The solution is to always allocate a part of your strategic thinking and planning to what the future holds based on forward moving trends just now beginning to seed and bloom. Then you must either adapt your current businesses to the coming trends or create innovative businesses to surpass the trends.
However you do it, don’t stand still or you’ll be caught in the dust of technology. Venture and capital risk must be continuously engaged in if you want to keep up with the Internet pack.
Morgan says
I think you make an excellent point here and one that I got-into a pretty intense debate about over the holidays.

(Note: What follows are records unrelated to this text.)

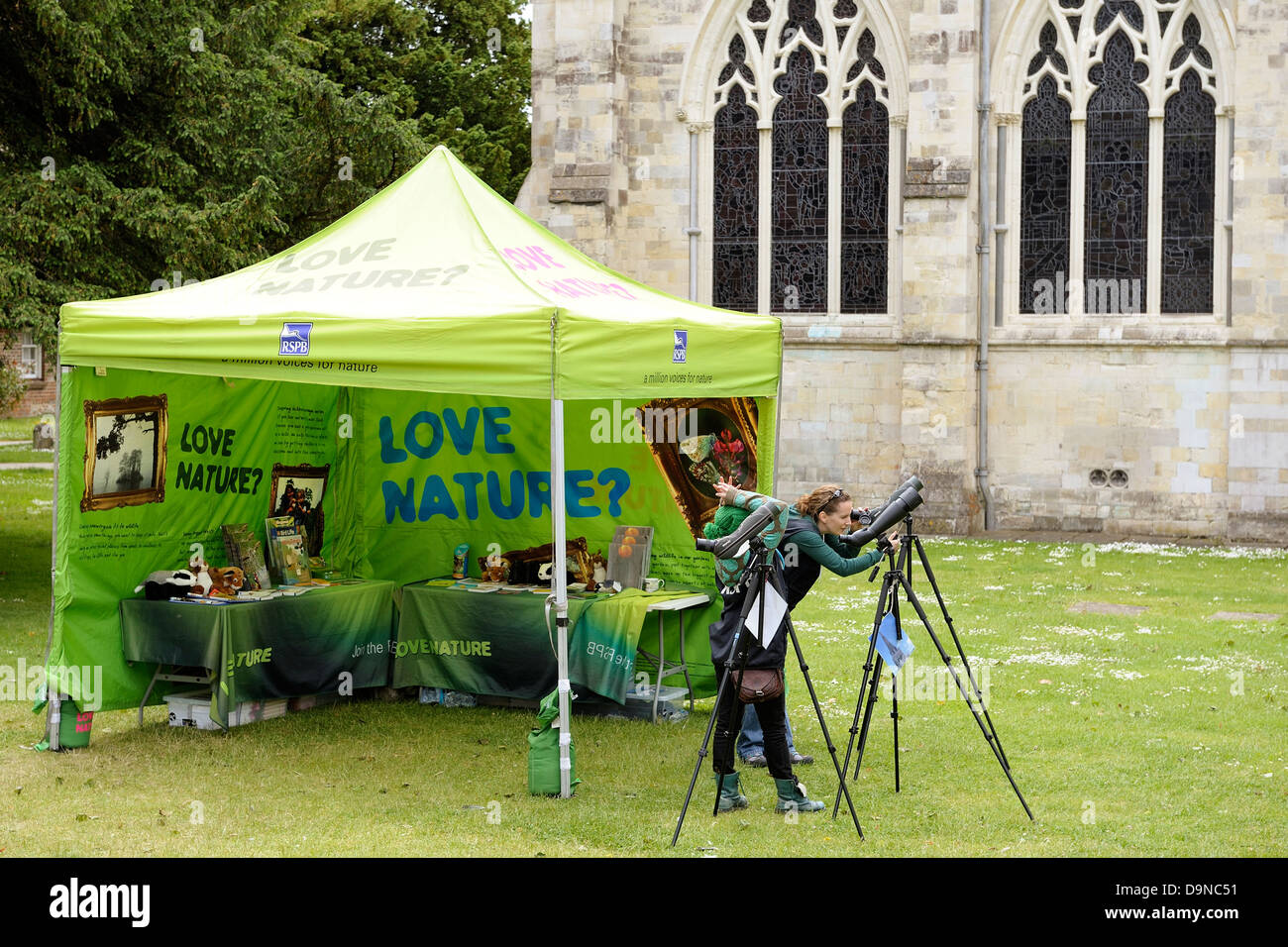 A RSPB gazebo and spotting scopes set up in the grounds of chichester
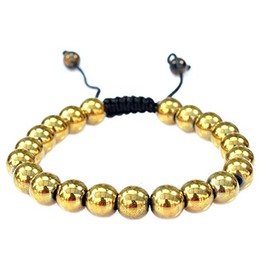 PURPLE WHALE Round Goldtone Color Macrame Style Adjustable Hematite Bracelet -91042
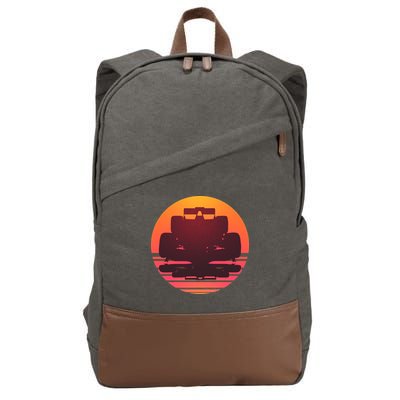Racing Car Retro Sunset Emblem Cotton Canvas Backpack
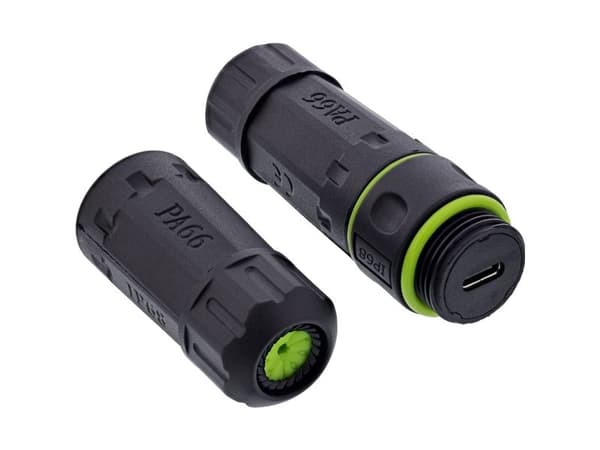 InLine USB-C kabelkobling IP68 2x USB-C hun, skjermet M20 (69927L)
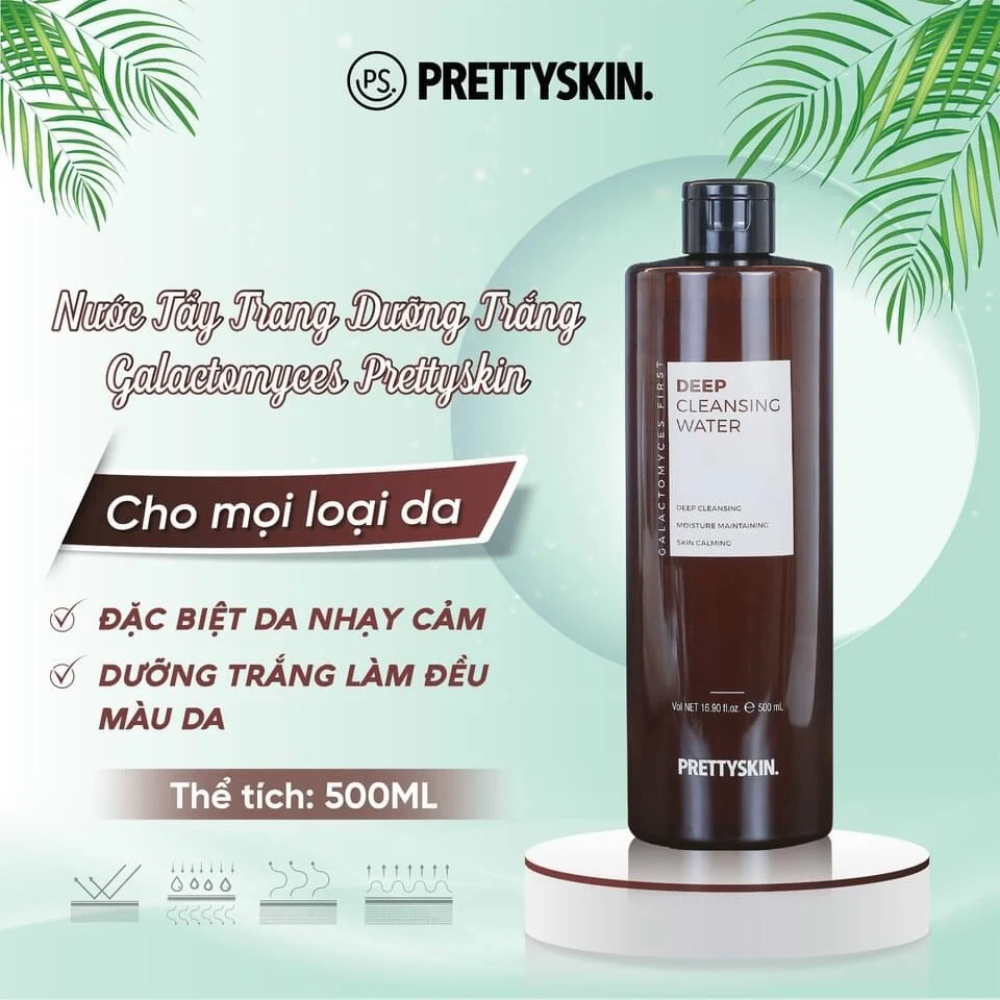 Nước tẩy trang Prettyskin 600ml dành cho mọi loại da - giúp dưỡng ẩm, làm sạch sâu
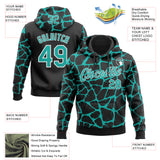 Custom Stitched Black Aqua-White 3D Pattern Design Abstract Network Sports Pullover Sweatshirt Hoodie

Ever since I bought an iPhone I’m finding that more and more I’ll use an app to access what I would normally get through a Google-search or direct type-in within a browser on my previous phones.

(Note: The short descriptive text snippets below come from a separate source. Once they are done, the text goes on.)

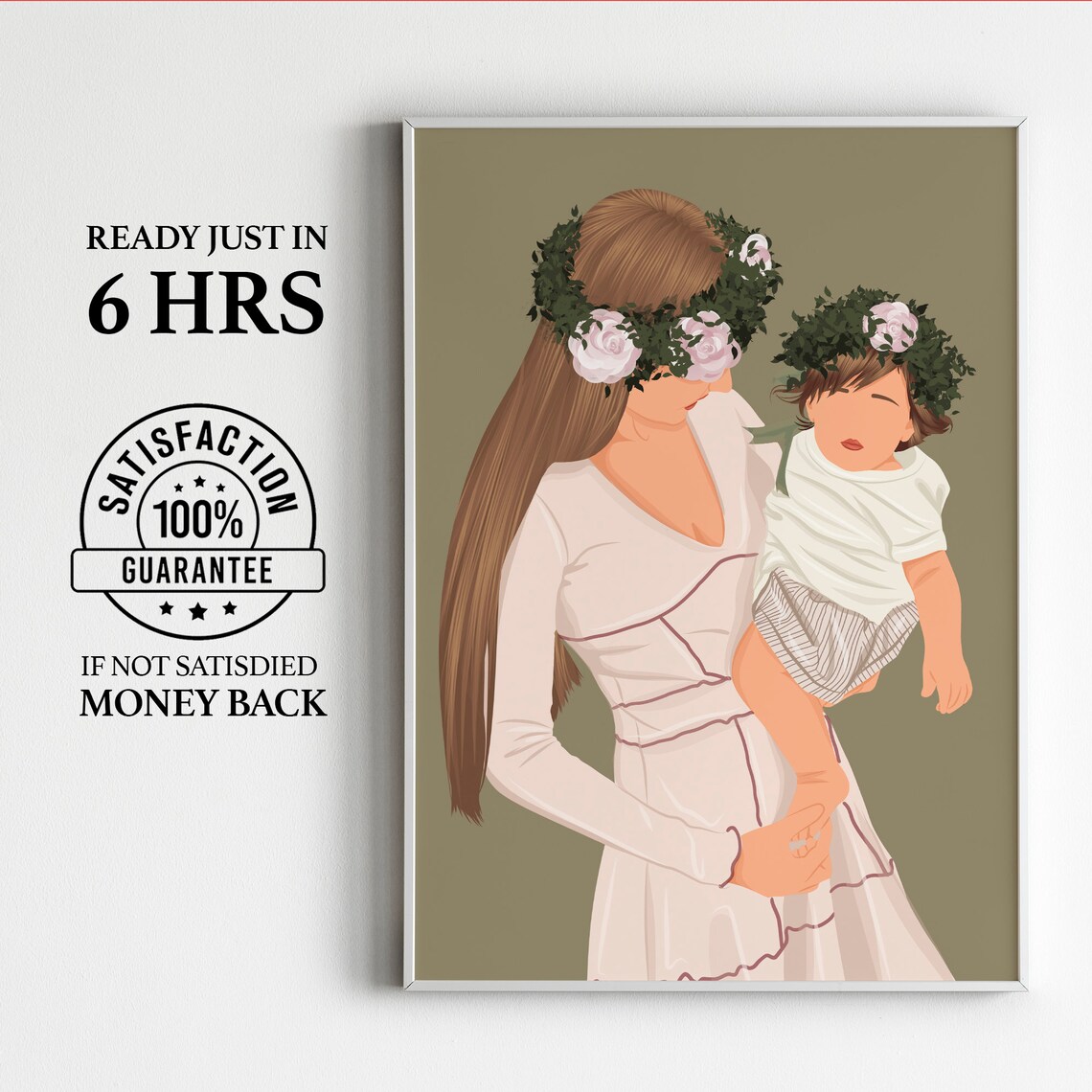 Mother and Toddler with Floral Crowns Faceless Family Portrait Poster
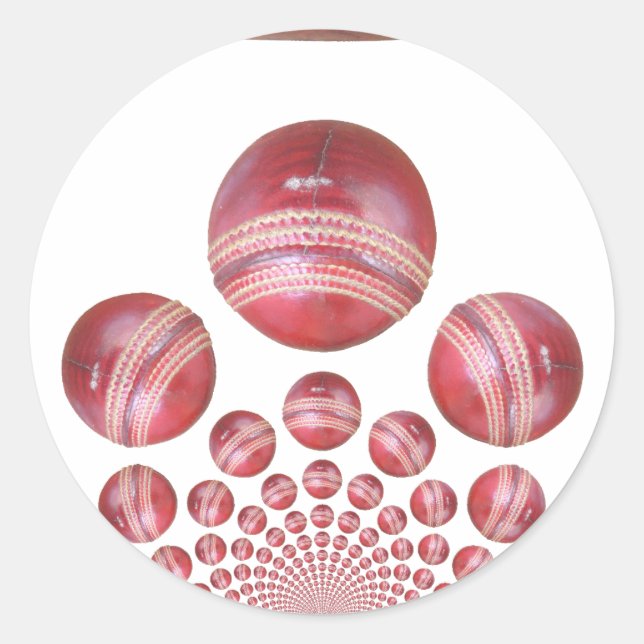 Pegatina Redonda Impresión de bolas de cricket para aficionados al  (Anverso)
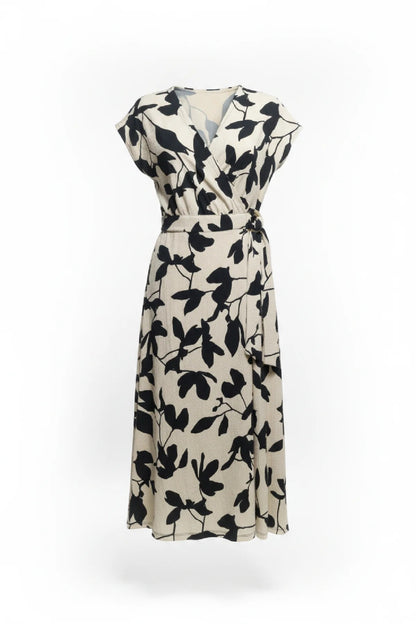 Wickelkragen Midi Kleid mit Blattmuster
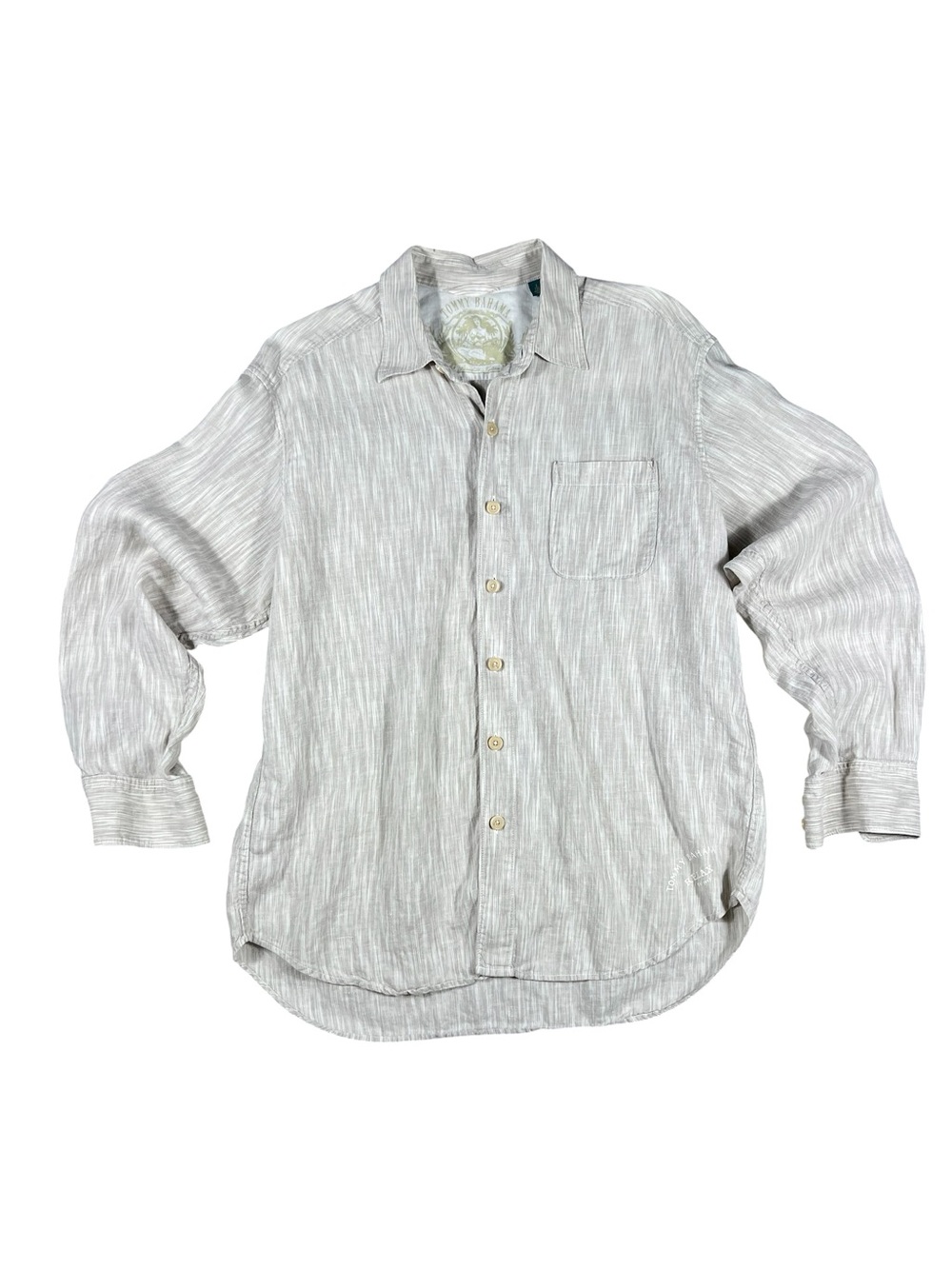 100% LINEN TOMMY BAHAMA button down long sleeve vertical space dye pattern tan L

If Apple extends the App model to standard computers (which of course they will do) it will absolutely change the way we access the Internet…of course there are always ways to profit from every change!
WTF says
This question is quite simply, nonsense. And the responses I have read make me think /facepalm.
The biggest threat to domain names is the GOOGLE search bar (ask Shilling!) Not apps, you think the billion apps serve a REAL purpose?? They are entertainment and mostly games. Think about it.
Andrew Reberry says
Answer: No. Apps are not a threat to domains. If anything they are a supporting technology
—
App developers still want the domain name that corresponds to their app. Say you create a fictional App called iDomains. App developers that are successful move to wanting the .com later on. If they can’t get that domain, the domain owner sees more traffic because someone created an app under the same name. And in the case of Apps, typically years after the .com owner bought the domain.
We also have Facebook URLs and Twitter URLs as well. But these lead to more people branding themselves under a pseudonym and later wanting to buy the .com variant of this as well. It typically goes from someone creating an app / twitter url and not thinking about the domain. They later realize they want “the domain” and need to have the .com as well.
Apps in no way seem to be a threat to domain names. Sure Apple now controls the market relating to names of apps. And I can see how app names are a market like domain names. Heck, I wonder if anyone reading TheDomains buys/sells app names which is a very similar correlation to domain names and 1-800 numbers.
But app names will never take a stronghold because they are not the definitive answer. Neither is having a facebook url. Or a twitter url. Nor the 1-800 number. Even having a .org or .net is not the total solution, but can “work” for some people at first. The only way to be truly recognized by a name means to have the .com of that name. While .net works for some companies at first, in 99% of situations it is not who they want to be known as. Until you can own the .com domain you will never be truly happy.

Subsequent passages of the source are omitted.